• _TASK STATEMENT_
Images aside, the whole listing should be written out word for word.

• _DATA BELOW_
Content starts

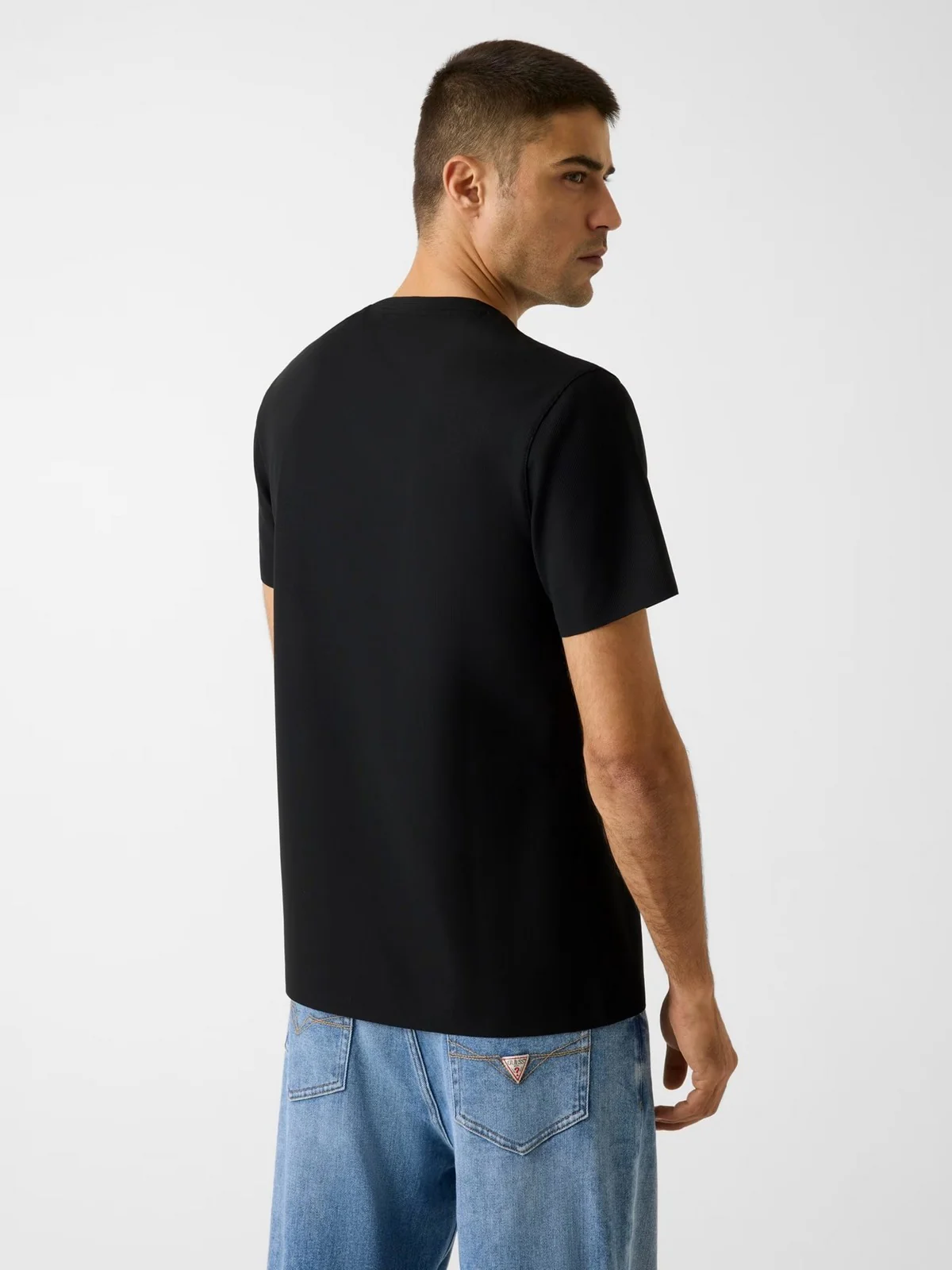 GUESS T-shirt Uomo SS CN NEW TECH STRETCH TEE M6RI19 KD202 JBLK Jet Black A996 - Image 3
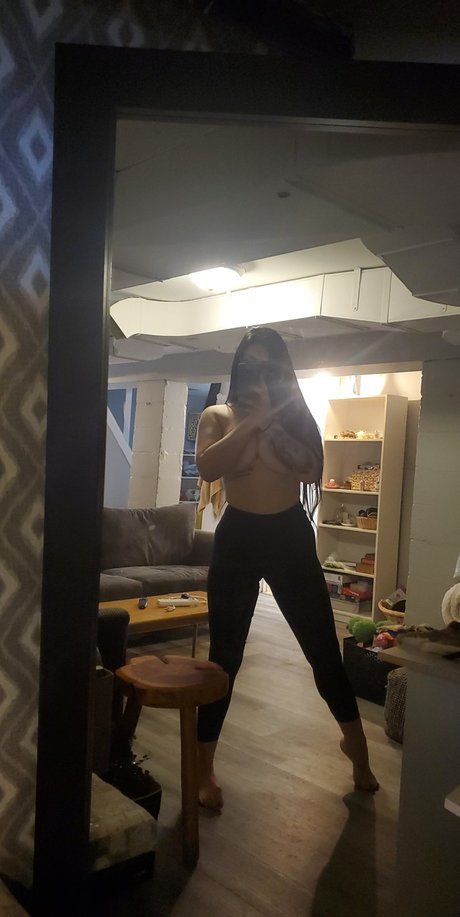 Foto di nudo di fuga di OnlyFans di Sarah Bella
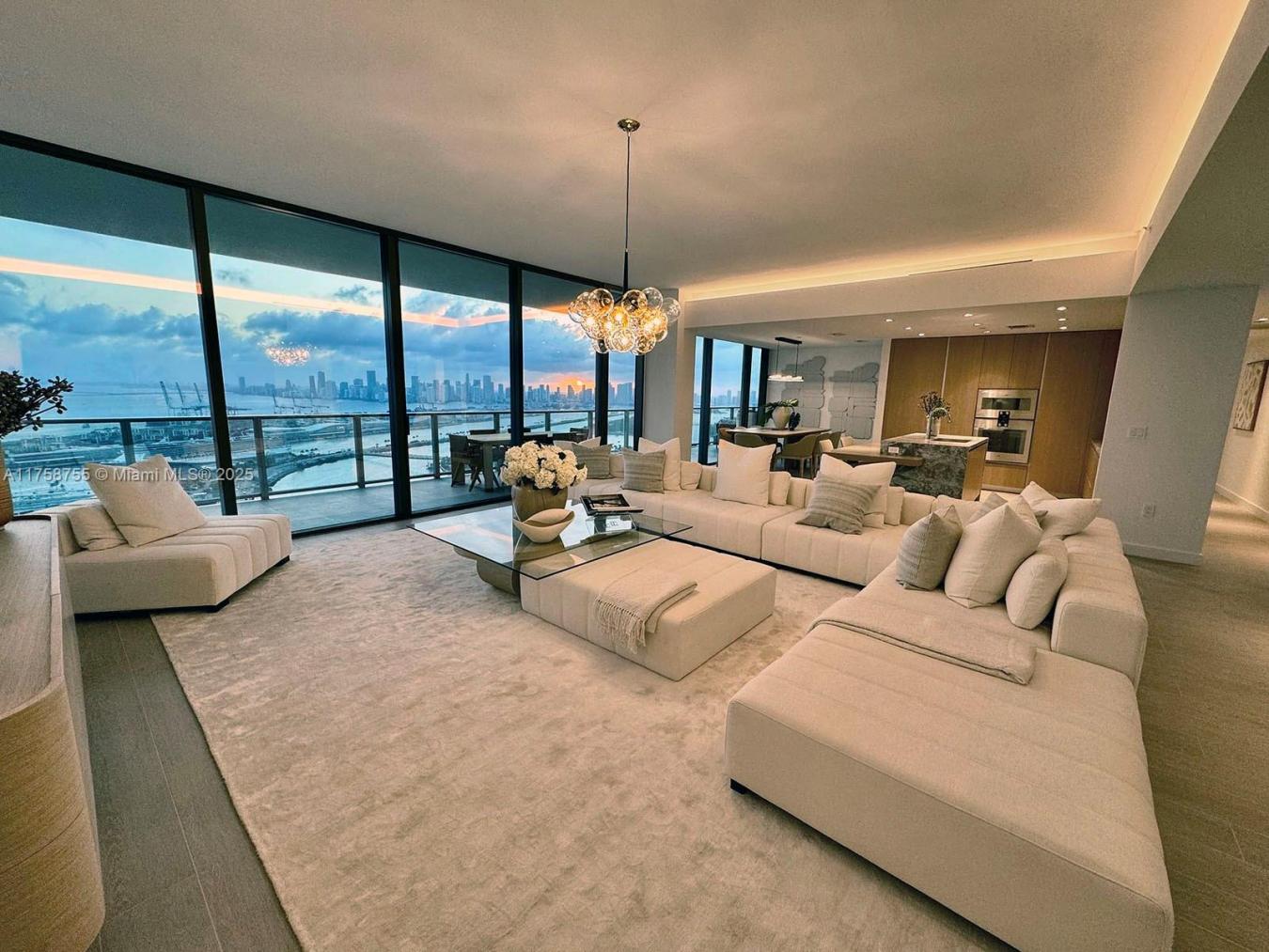 Miami Beach, Florida, 33139, United States, 3 Bedrooms Bedrooms, ,3 BathroomsBathrooms,Residential,For Sale,1871414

Content ends

• _RESPONSE TO THIS EXERCISE_
 GUESS T-shirt Uomo SS CN NEW TECH STRETCH TEE M6RI19 KD202 JBLK Jet Black A996 - Image 3
 Foto di nudo di fuga di OnlyFans di Sarah Bella
 Miami Beach, Florida, 33139, United States, 3 Bedrooms Bedrooms, ,3 BathroomsBathrooms,Residential,For Sale,1871414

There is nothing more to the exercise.